Üslubun inceliklerine, anadilin derinliklerinden gelen rahatlık yazarın elini daha da hafifletmiş. Yazarın edebiyata başlangıcı şiirle, şiirde dildir ve onunla keyifli keyifli oynamaktır. Yazar dil oyunlarına aşina günlük hayattan gelen kalıplar ve deyimlerle oynayışı buna bir örnektir. Romanın alt yapısında şiirsel söylemin hakimiyeti azımsanmayacak kadar belirgin. Sürekli vıcık vıcık dram ve trajediye bulanmış nefes kesen şiirimsi bir üsluptan bahsetmiyorum. Karakter ne zaman isterse o vakit şiirsel geçişler oluyor. Payîz’in de sürekli şiirimsi duygulara pek zamanının olmadığı görecektir. Kurgu ve gerçeklikle, hayal ve bilincin yan yana sert bir zeminden imleyişi bizi radikal feminizmin kodlarına vardırıyor. Romanın feminist damarından çok, direk hakikatin içinden gelmesi feminist kodların üstünü örtüyor. Yazıldığı dile vakıf, inceliklerine daha fazla hâkim oluşunu; ilk roman ve son romanı arasındaki dilin kullanışında saklı.

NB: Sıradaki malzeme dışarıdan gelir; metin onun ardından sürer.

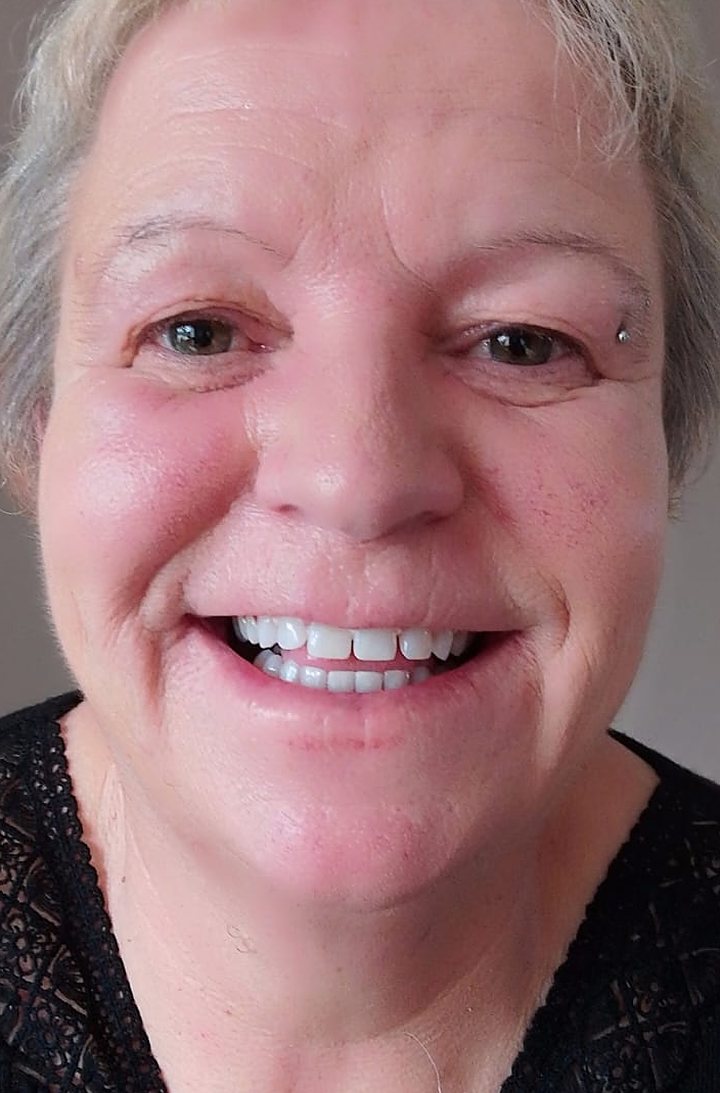 Smiling Lumiere client after teeth whitening at the Kildare studio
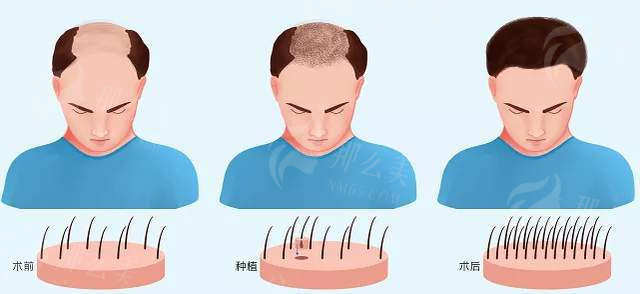 cf5062ee3518c33f68365d975bc87f43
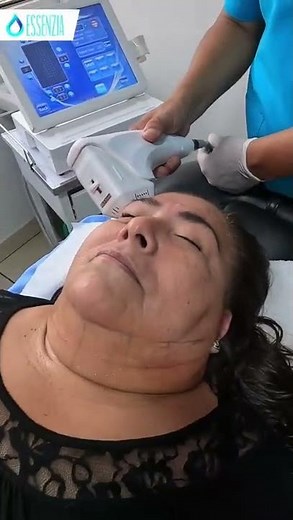 HIFU 4D antiage con el Dr. Max Tafur Horna, desde Lima, Perú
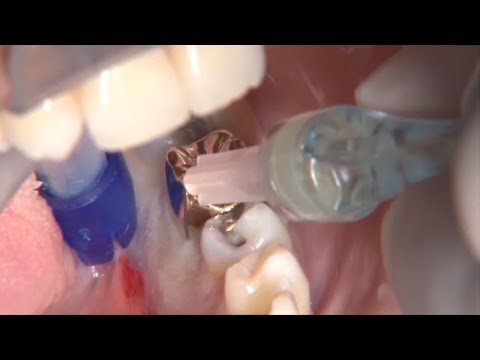 فيديو: كيف تعمل الأسنان الخالية من التخدير للكلاب؟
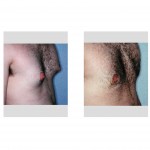 gynecomastia-reduction-open-excision-indianapolis-dr-barry-eppley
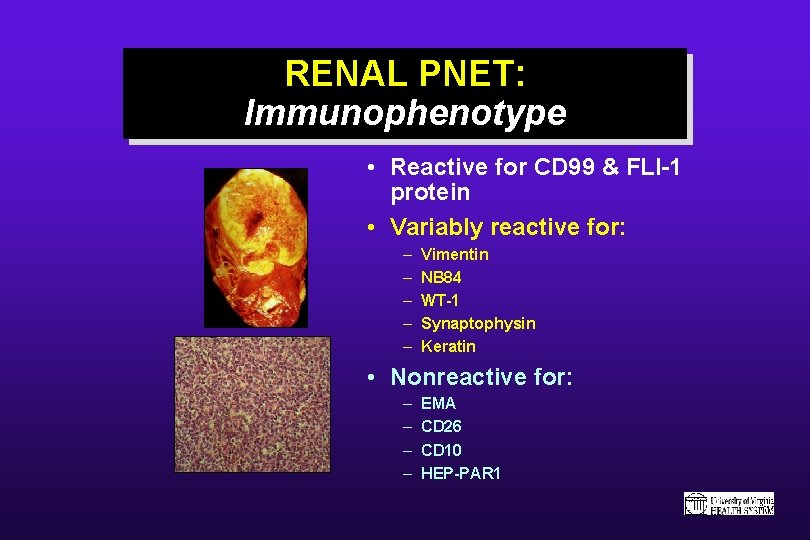 RENAL PNET: Immunophenotype • Reactive for CD 99 & FLI-1 protein • Variably reactive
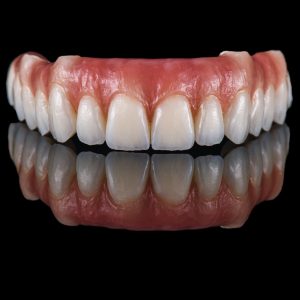 zirconia denture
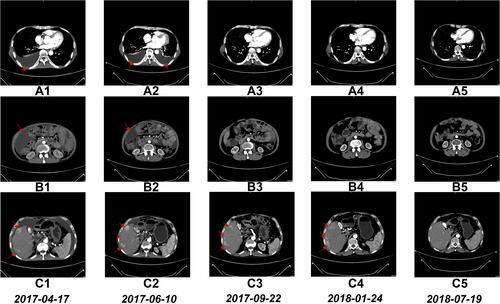Figure 8 CT scan findings before and during the treatment with NK cells. CT scans showing complete disappearance of pleural effusion after 6 courses of treatment (A1–A5). CT scans showing almost complete disappearance of ascites after 6 courses of treatment (B1–B5). CT scans showing the sizes of multiple tumors in the right lobe of the liver decreased markedly after 17 courses of treatment (C1–C5).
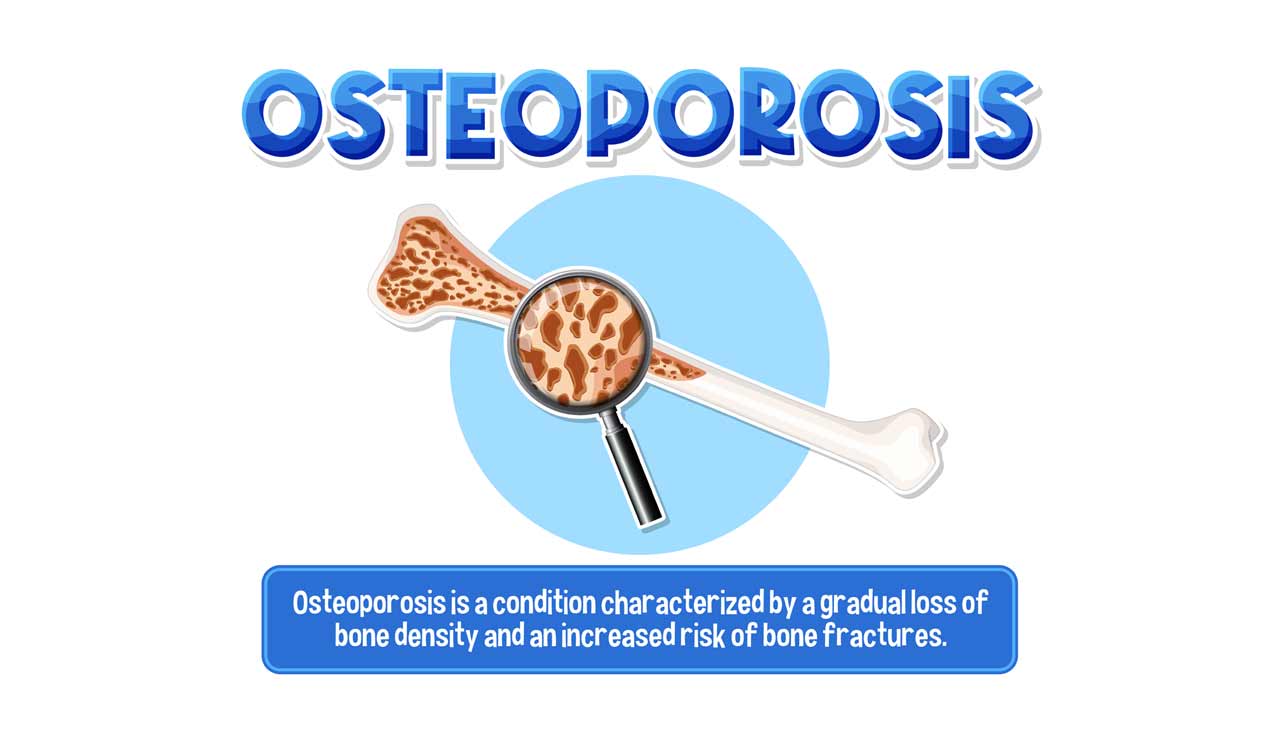 India ranks number one in Osteoporosis cases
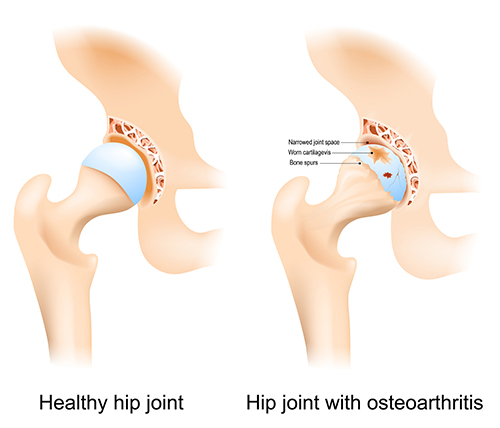 A diagram of a hip joint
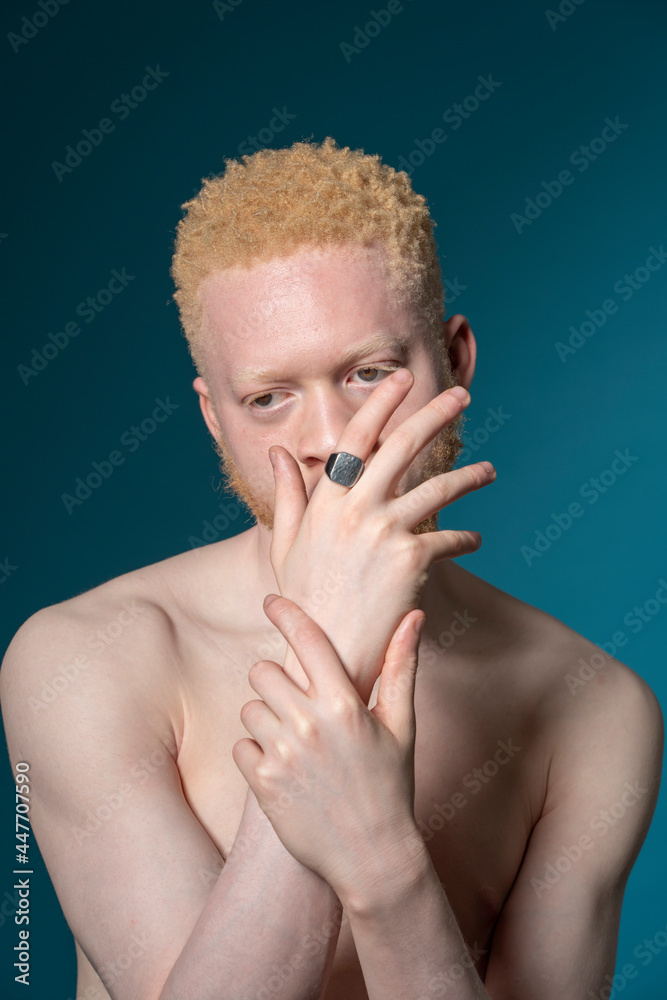Studio portrait of shirtless albino man Stock Photo Adobe Stock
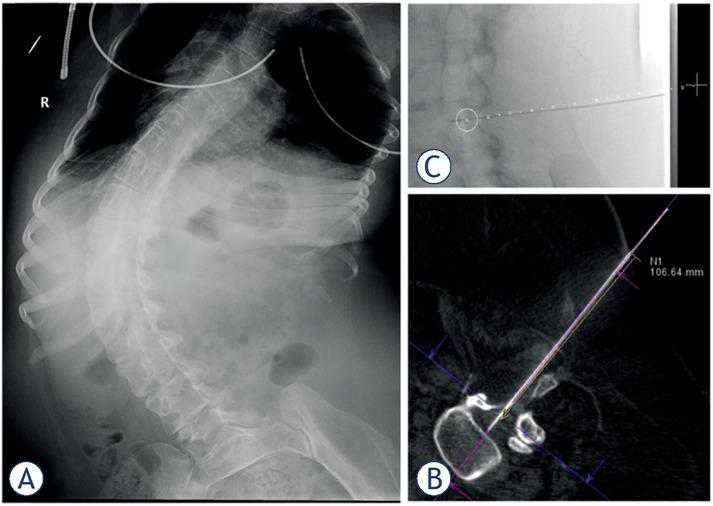 (A). A 22-year-old female with severe scoliotic deformity of the spine; (B). The nusinersen administration was performed with interlaminar approach under cone-beam CT -guidance; (C). Introduction of the needle following the planned trajectory (white dotted line) to the target point (white circle).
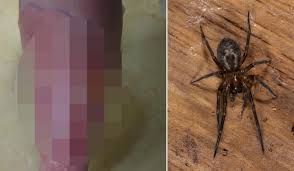 Learn how to spot them, what their bites feel and look like, and how important: Mum In Hospital From False Black Widow Terrorising Waterford Homes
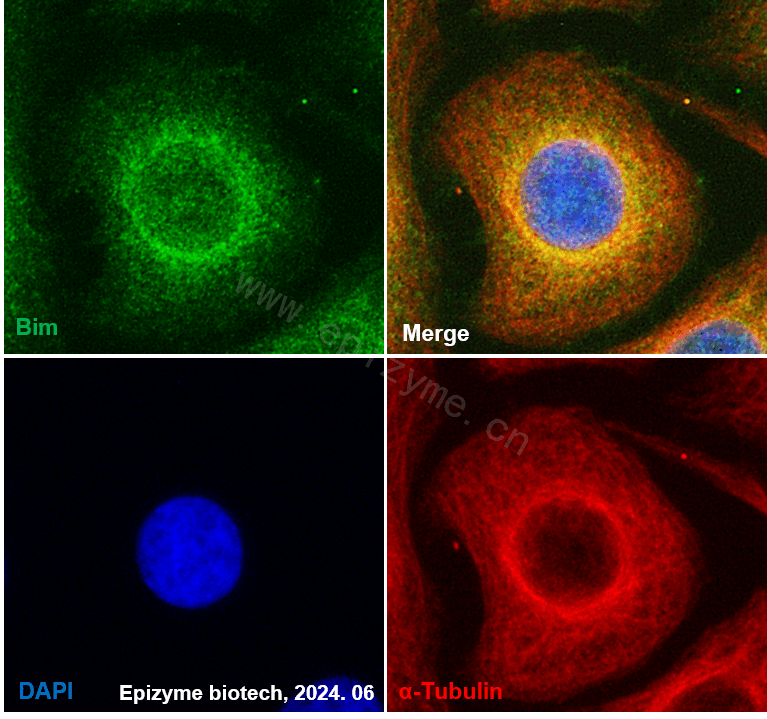 Anti-Bim Rabbit mAb [40M15L92]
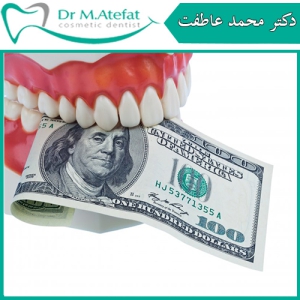 قیمت ایمپلنت دندان در اصفهان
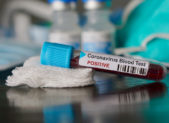 Montgomery Recibirá Semanalmente al menos 7,500 pruebas de COVID-19 featured image - Coronavirus Blood Test Covid-19 istock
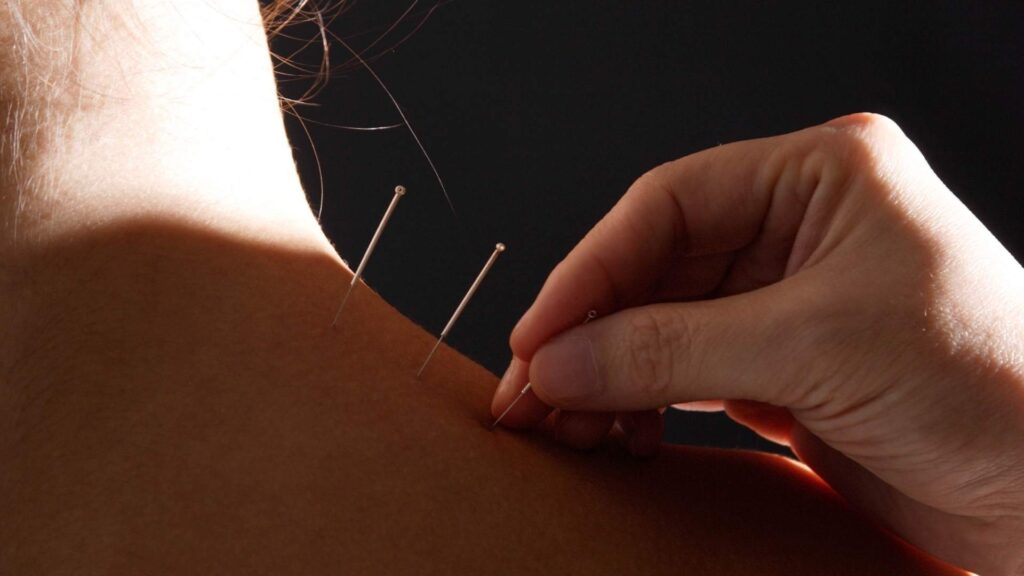aiguille acupuncture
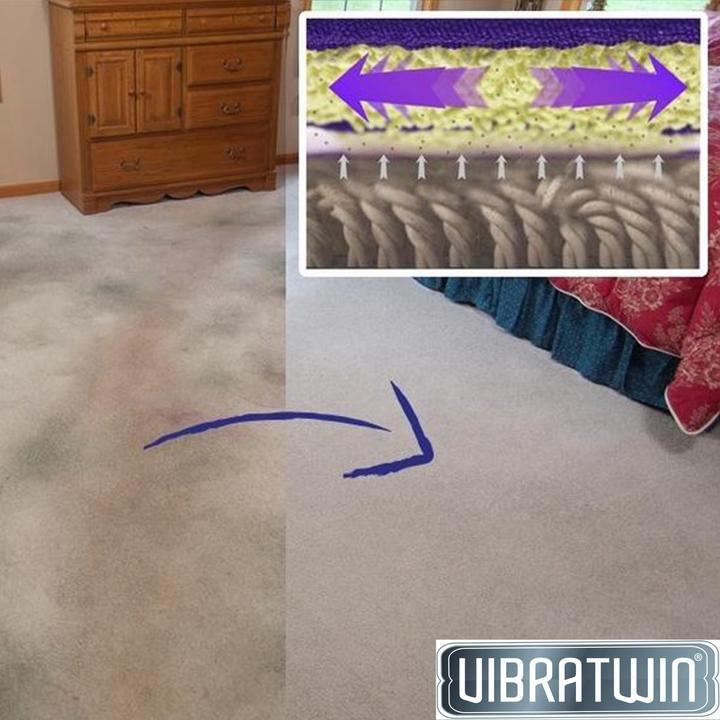 Immagine prodotto VibraTwin Ersatzpad (1 pz.)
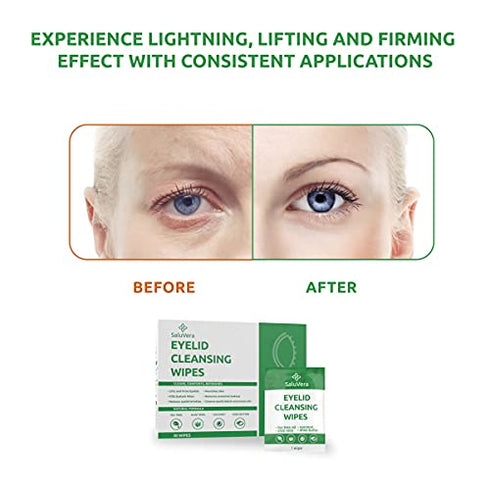 SaluVera Eyelid Wipes with Tea Tree Oil and Aloe Vera | Eye Cleansing Wipes for Dry and Itchy Eyes Relief | Natural Ingredients Eyelid Scrub for Daily Usage - Pack of 30
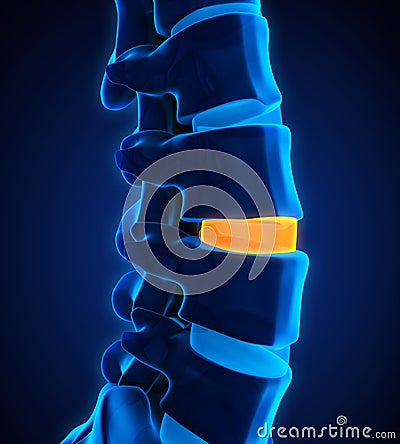 Human Spine Disc Degenerative Stock Photo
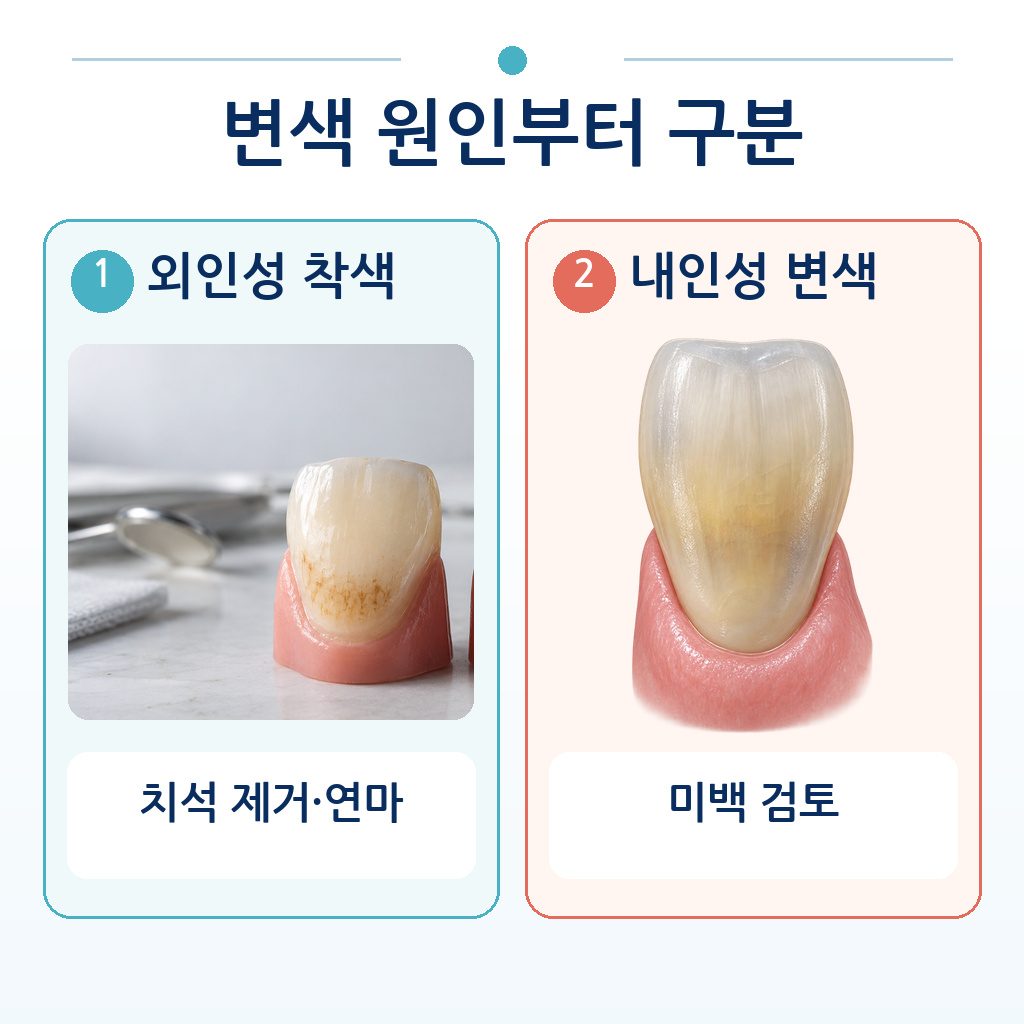 표면에 색소가 침착된 외인성 착색과 치질 내부에서 기인한 내인성 변색을 비교한 그림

Payîz okuyan, düşünen, politik bilinci, eleştirisel yaklaşımı ve her şeyden önemlisi özgürlüğün, kendi olmanın verdiği gücü sonuna kadar ileriye götürüyor. Payîz hesaplaşmayı okuyarak, üreterek ve karşı durarak kendin olma yolunda verdiği mücadeleyi şiirsel bir öfkeyle taçlandırıyor. Samancı son romanıyla kendi anadilinin bahçesine öfkeli bir meşe ağacının fidesini dikmiştir. Bu fide çocuktur, kadındır ve mücadelecidir.